Why does the Church call the body of Christ "bread"?

I’ve heard two proclamations of faith that reference bread. “Hear our prayer, hear our prayer, with this bread and wine we share. Hear our prayer.” And, “As we eat this bread and drink this cup we proclaim your death Lord Jesus, until you come in glory.”

With more than one-half of Catholics doubting that the Eucharist is the body, blood, sole and divinity of Jesus Chris, why would the Church allow a proclamation of faith referring to the body of Christ as bread?

When we call the body of Christ “bread” we echo Jesus’ own words, “I am the living bread which came down from heaven” (Jn 6:51).

This expression is but one of many which call forth the various aspects of the Eucharist. The Catechism of the Catholic Church explains: “The inexhaustible richness of this sacrament [of the Eucharist] is expressed in the different names we give it. Each name evokes certain aspects of it. It is called…

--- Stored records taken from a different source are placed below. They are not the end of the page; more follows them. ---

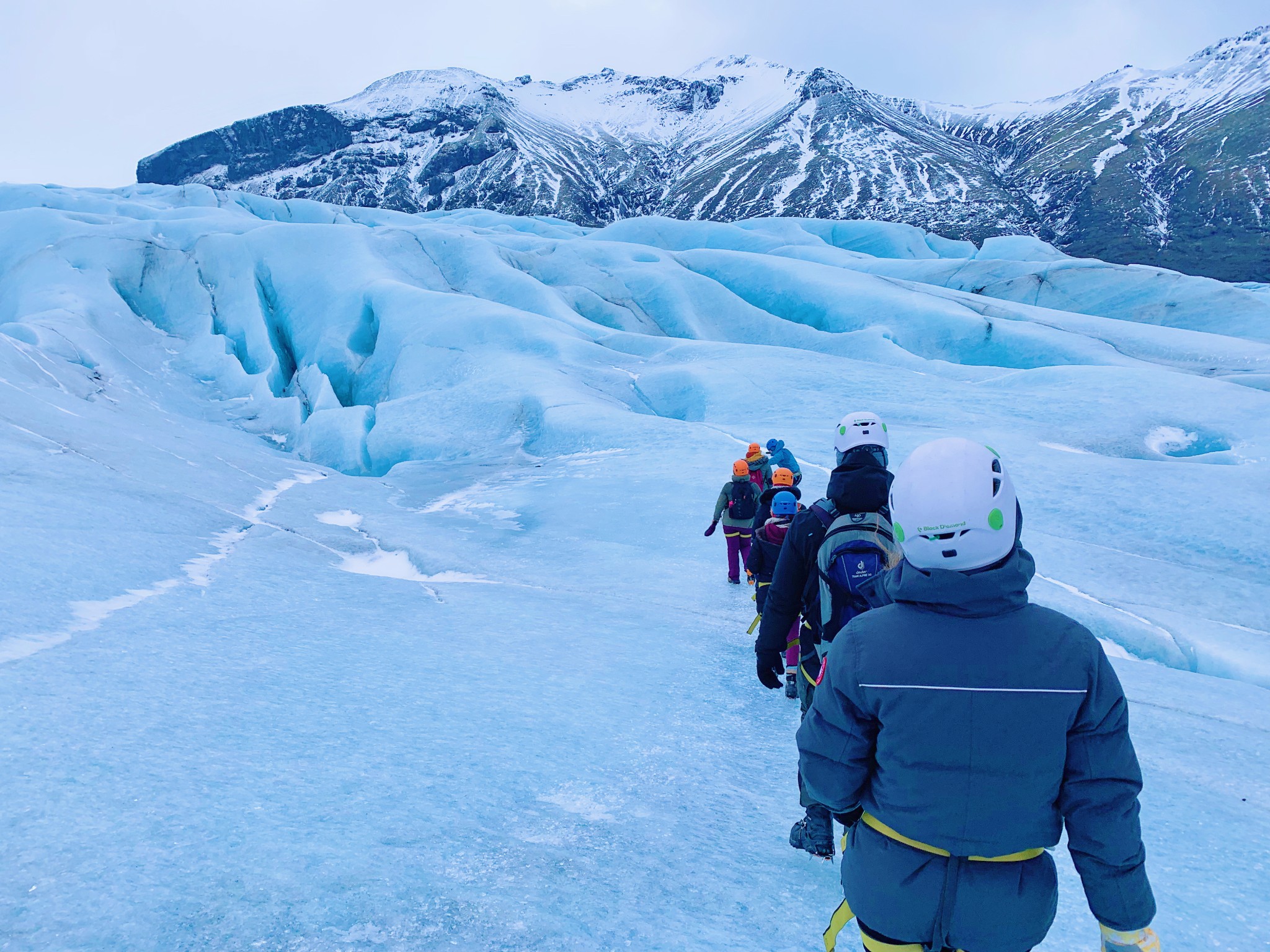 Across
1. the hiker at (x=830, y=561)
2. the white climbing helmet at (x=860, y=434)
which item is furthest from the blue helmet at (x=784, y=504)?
the hiker at (x=830, y=561)

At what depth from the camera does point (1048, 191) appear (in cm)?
8856

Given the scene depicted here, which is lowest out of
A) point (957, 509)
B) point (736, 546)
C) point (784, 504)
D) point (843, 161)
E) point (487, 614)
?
point (487, 614)

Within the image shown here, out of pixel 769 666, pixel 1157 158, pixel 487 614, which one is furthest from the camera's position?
pixel 1157 158

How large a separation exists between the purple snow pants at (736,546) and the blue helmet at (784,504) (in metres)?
1.95

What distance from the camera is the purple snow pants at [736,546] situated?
6359 mm

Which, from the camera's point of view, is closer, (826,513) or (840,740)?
(840,740)

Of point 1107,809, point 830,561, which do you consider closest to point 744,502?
point 830,561

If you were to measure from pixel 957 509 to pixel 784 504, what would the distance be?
2812 millimetres

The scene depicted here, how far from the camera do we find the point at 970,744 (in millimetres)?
1452

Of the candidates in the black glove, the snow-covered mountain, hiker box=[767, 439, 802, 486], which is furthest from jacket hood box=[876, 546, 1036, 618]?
the snow-covered mountain

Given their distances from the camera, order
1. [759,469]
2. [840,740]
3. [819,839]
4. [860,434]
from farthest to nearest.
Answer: [759,469], [860,434], [819,839], [840,740]

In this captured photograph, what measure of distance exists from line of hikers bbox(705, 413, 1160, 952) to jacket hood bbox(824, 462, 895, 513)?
3.77 feet

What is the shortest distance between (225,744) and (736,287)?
25.3m

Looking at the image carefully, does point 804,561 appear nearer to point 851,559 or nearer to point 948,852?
point 851,559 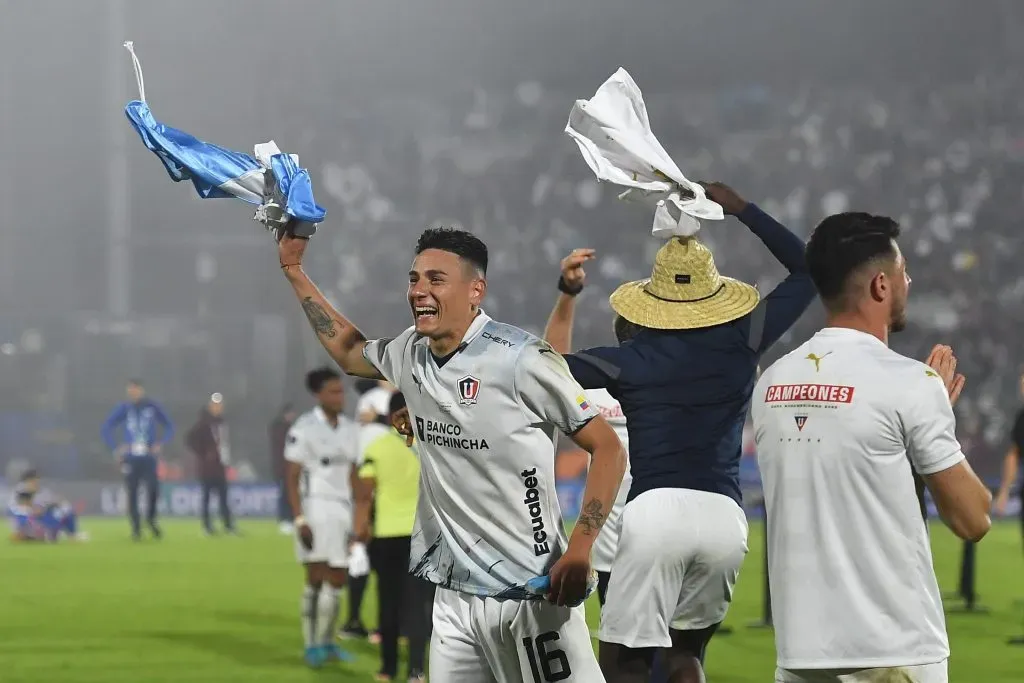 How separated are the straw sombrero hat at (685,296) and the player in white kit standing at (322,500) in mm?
4540

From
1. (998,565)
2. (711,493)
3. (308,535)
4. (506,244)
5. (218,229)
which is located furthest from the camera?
(218,229)

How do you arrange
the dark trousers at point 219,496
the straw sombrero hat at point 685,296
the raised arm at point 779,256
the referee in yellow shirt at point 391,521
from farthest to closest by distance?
the dark trousers at point 219,496
the referee in yellow shirt at point 391,521
the straw sombrero hat at point 685,296
the raised arm at point 779,256

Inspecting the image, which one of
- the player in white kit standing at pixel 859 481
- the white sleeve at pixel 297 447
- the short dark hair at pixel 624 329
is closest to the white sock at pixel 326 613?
the white sleeve at pixel 297 447

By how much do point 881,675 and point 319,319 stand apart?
2.20 meters

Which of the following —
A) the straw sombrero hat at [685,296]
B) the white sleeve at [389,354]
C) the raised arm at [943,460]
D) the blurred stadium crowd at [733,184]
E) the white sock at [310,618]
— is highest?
the blurred stadium crowd at [733,184]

“The Breaking of Bread, because Jesus used this rite, part of a Jewish meal, when as master of the table he blessed and distributed the bread, above all at the Last Supper. It is by this action that his disciples will recognize him after his Resurrection, and it is this expression that the first Christians will use to designate their Eucharistic assemblies; by doing so they signified that all who eat the one broken bread, Christ, enter into communion with him and form but one body in him” (CCC 1328-1329).